While I continue to be addicted to the Destiny 2 grind, I put on Rogue One a Star Wars story in the background to see how well it holds up outside of the hype bubble of its release. No, it did not generate nearly as much excitement as A Force Awakens did as the first new installment in the ongoing saga under the new Disney-led regime. But it was unique in it’s own right, serving as the first major motion picture to tell another story in the universe outside of the Skywalker saga.
Set in the days leading up to A New Hope, Rogue One tells the story of the band of misfits who rallied together to steal the Death Star plans. Felicity Jones stars as Jyn Erso, a woman who has spent years trying to stay out of the growing conflict between the Empire and the Rebels. She is brought before the Rebel leadership because of her connection to Galen Erso, her father played by Mads Mikkelsen, and the chief architect of the Empire’s mysterious new super weapon. When she learns that her father has hidden a flaw in the weapon that can be exploited to destroy it, she tries to convince the Rebels to support a mission to retrieve the plans.
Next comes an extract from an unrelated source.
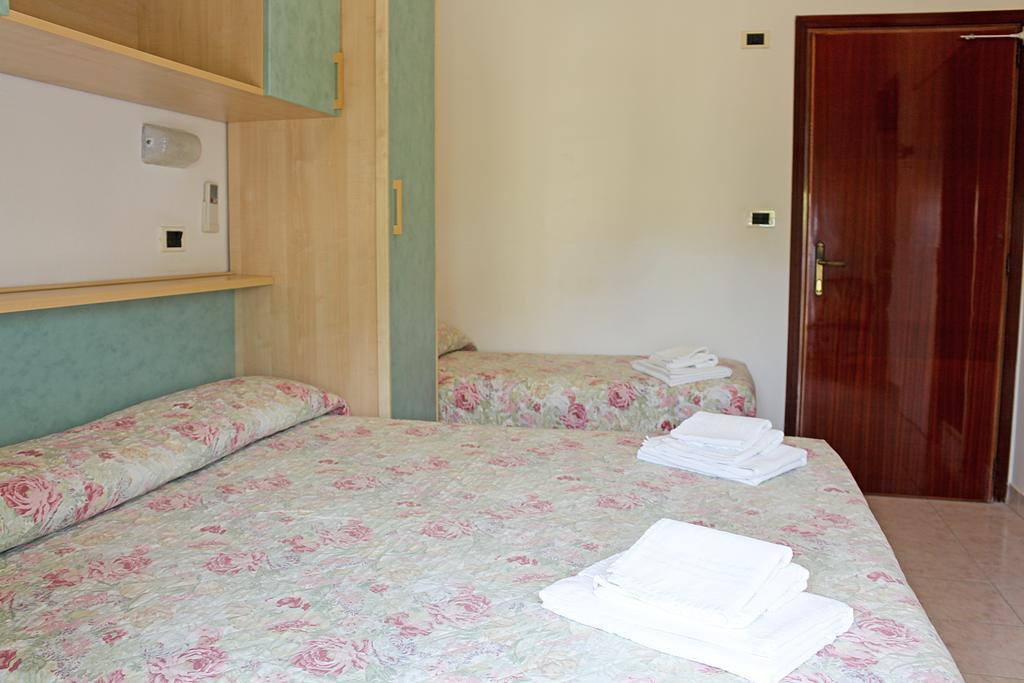 Hotel Buda Белларія-Іджеа-Марина Номер фото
She comes up short but convinces a small collection of unlikely allies to join her.
Cassian Andor (Diego Luna) is the spy who has done dark deeds in the name of the Alliance. His unlikely partner is a reprogrammed imperial battle droid K-2SO (voiced by Alan Tudyk). Chirrut Imwe and Baze Malbus (Donnie Yen and Wen Jiang, respectively) are a pair of Guardians of the Whills, allies of the old Jedi Order. Bodhi Rook, a defecting Imperial pilot played by Riz Ahmed, rounds out the core team. Everyone has their role to play in the mission and each character gets a few moments to shine throughout the film, with K-2SO’s dry sarcasm and disdain for having to be allied with the Rebels often stealing the show.
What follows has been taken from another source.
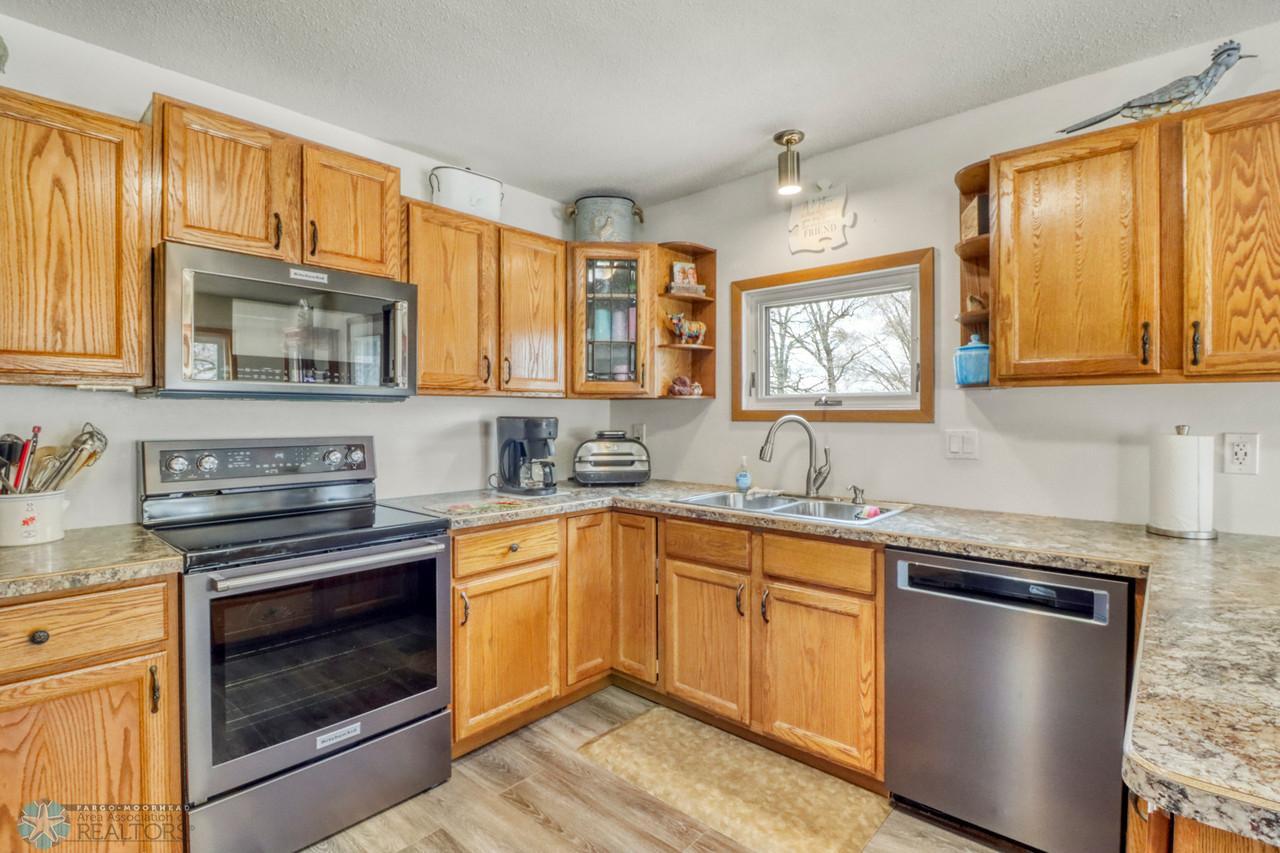 18Kitchen1_3-1280.JPG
There is definitely a lot of fan service to go around in Rogue One with numerous nods to the bigger franchise scattered throughout. Some of them work incredibly well (like a couple of well-placed cameos in a final space battle), while others feel unnecessary and just leave me confused (like how an early cameo gets from their place in this film to where we see them in A New Hope seemingly days later). But this is undeniably a film made by fans of the epic space opera.
What impressed me most when I watched the film originally, and continues today, is that this movie manages to improve A New Hope, not distract from it. This film shows up a scattered group of Rebels and what led them to actually becoming a Rebel ALLIANCE. It manages to explain away the long-mocked, magic exhaust port weakness by telling us that it was by design. As a long-time fan of the games of the same name, I love that we get a subtle origin of the Rogue Squadron. Most importantly, we get to see the tangible cost of the spies who give their lives to transmit the Death Star plans. It’s not a story we needed (we survived nearly 40 years without it just fine, after all), but it’s a story that they decided to tell and it didn’t lessen what came before, like other prequels in cinema history have.
Great performances, action, and a clear love for the franchise all help establish this first Star Wars stand-alone story as an excellent pilot to this direction for the series. I only hope that the future stories add to the franchise as this one has, and don’t detract from the vast Star Wars universe.
If nothing else, it’s a great science fiction movie to throw on in the background while I shoot up tons of bad guys in Destiny.